The rear suspension of this truck includes heavy-load bearing Deaver springs, to accommodate the shell and interior, and all the stuff I normally carry in the truck. There is a little extra in the springs to accommodate the teardrop, yielding minimal sag.
However, when loaded for a multi-week trek, with trailer, extra fuel, water, food, etc., the rear end sagged more than I preferred.
I have known about air springs for many years, but never thought them the right solution for my use - which includes off-road travel. As it turns out, three of the trucks that usually accompany us on our westward travels run air springs. Their vehicle use is very similar to mine.
That knowledge set me to re-thinking my situation.
A big negative factor to me was the limiting of downward travel of the rear axle. My research led me to Daystar Cradles, which allow the bottom of the air spring to freely separate from the axle, allowing full suspension droop. Firestone specifically says not to use them.
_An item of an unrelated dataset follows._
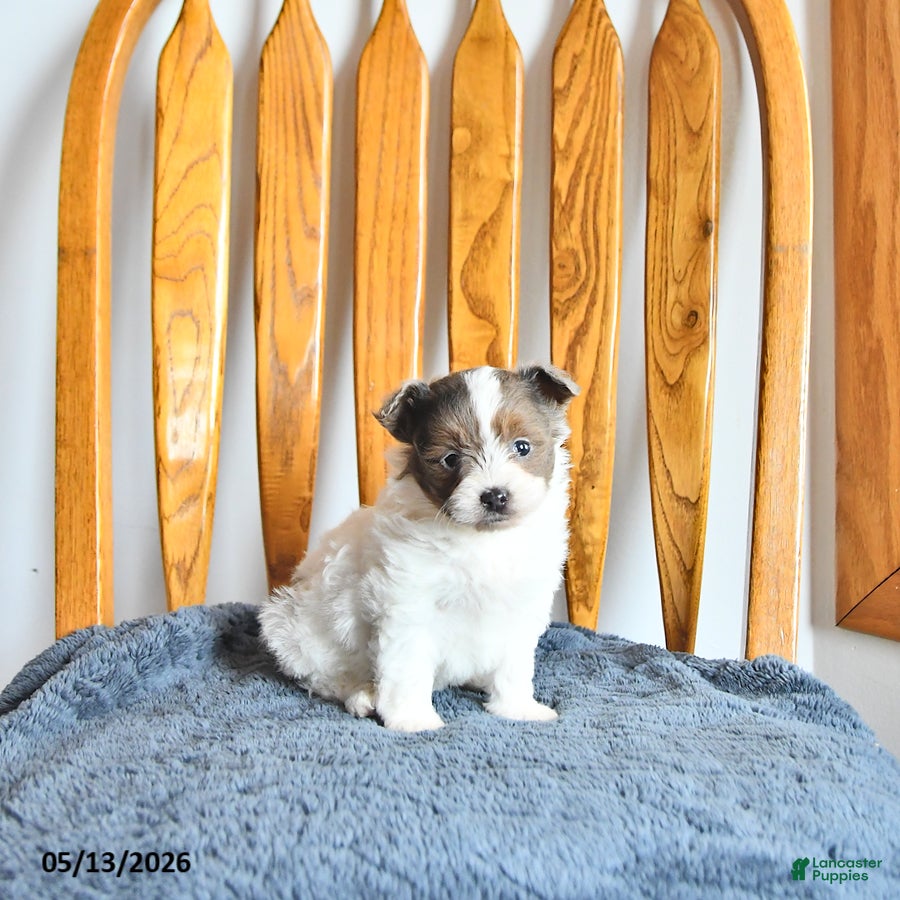Pomapoo dogs Lexie - Ad 1
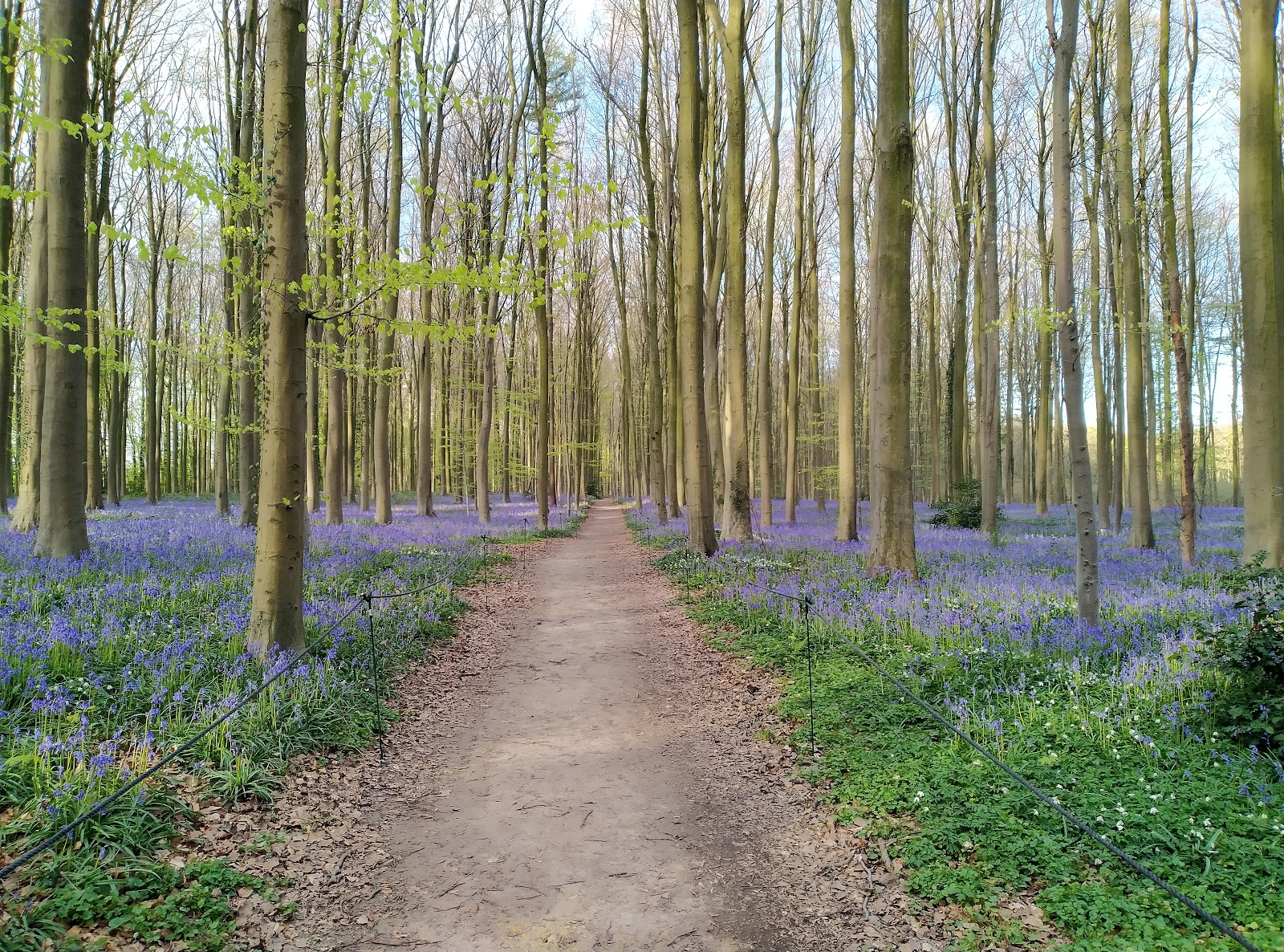 Hallerbos — Oficiais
Without the cradles, the air springs would not fit (work) within my design parameters. I have read about many successful uses of the cradles out there, so I figured I would try them also.
The air spring kit, designed for a Tacoma.
These are the bottom mounting brackets. They normally mount the bottom of the air spring, but instead will carry the cradle.
There is one more issue with these. Stock Tacomas mount the u-bolts with the nuts down - I have a u-bolt flip, with the nuts up. These brackets need to be modified to clear the u-bolt nuts.
Modified brackets to the right, the spacer blocks and vertical support plates I made.
The spacer blocks will sit like this, on the bottom of the Firestone bracket. The lighter color on the bracket is where I sandblasted off the finish for welding.
A mock-up of the pieces.
Welded and painted.
I got a new set of 5/8" u-bolts from RuffStuff. U-bolts are a one-time use fastner.